À l’intérêt des divinités imaginaires, j’oppose mon intérêt. A toute prétendue Cause Supérieure, j’oppose ma cause.
De cette manière, tout ce qui, dans toute philosophie religieuse et conséquemment dans tout système social religieux, émanait de l’individu, inférieur, vile matière, méprisable atome, simple unité, pour aboutir à ces entités, à ces abstractions divinisées et demeurer leur propriété, l’individu étant ainsi dépossédé, — tout cela reste la propriété de l’individu ; les abstractions qui ont lieu d’être admises dans la mentalité humaine pour exprimer les rapports inter-individuels sont désormais dépourvues de leur fausse supériorité, de leur sainteté, réduites à leur rôle simplement utilitaire ; elles sont, dès lors, dépourvues de la nocuité dont on les avait dotées. Ainsi, plus de sacrifice de l’individu à La Société et à ses prêtres, à La Patrie et à ses prêtres, au Droit et à ses prêtres, à Dieu ou aux Dieux et à leurs prêtres. L’homme devient enfin le seul bénéficiaire de son travail, le propriétaire de toute chose dont la conquête motiva ses efforts et ses travaux.
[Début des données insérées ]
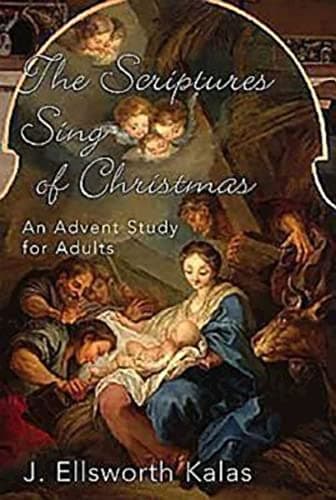 Book cover for The Scriptures Sing of Christmas: An Advent Study for Adults (Thematic Advent Study 2004) by Kalas, J. Ellsworth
Qu’est-ce que la société, sinon la résultante d’une collection d’individus ? Comment la société peut-elle avoir un intérêt (pourquoi pas aussi des appétits, des sentiments, etc.) ? Et pût-elle avoir un intérêt, comment celui-ci pourrait-il être supérieur et antagonique à l’intérêt des individus qui la composent si ceux-ci sont libres ? Quel non-sens ou quel hypocrite méfait n’est-ce pas, par suite, de façonner les individus pour la société au lieu de faire la société pour les individus ?
Ne pouvons-nous, individus, remplacer l’État par nos libres associations ? A la loi générale, collective, ne pouvons-nous substituer nos conventions mutuelles, révocables dès qu’elles sont une entrave à notre bien-être ? Avons-nous besoin des patries parcellaires qu’ont faites nos maîtres, alors que nous en avons une plus vaste : la Terre ?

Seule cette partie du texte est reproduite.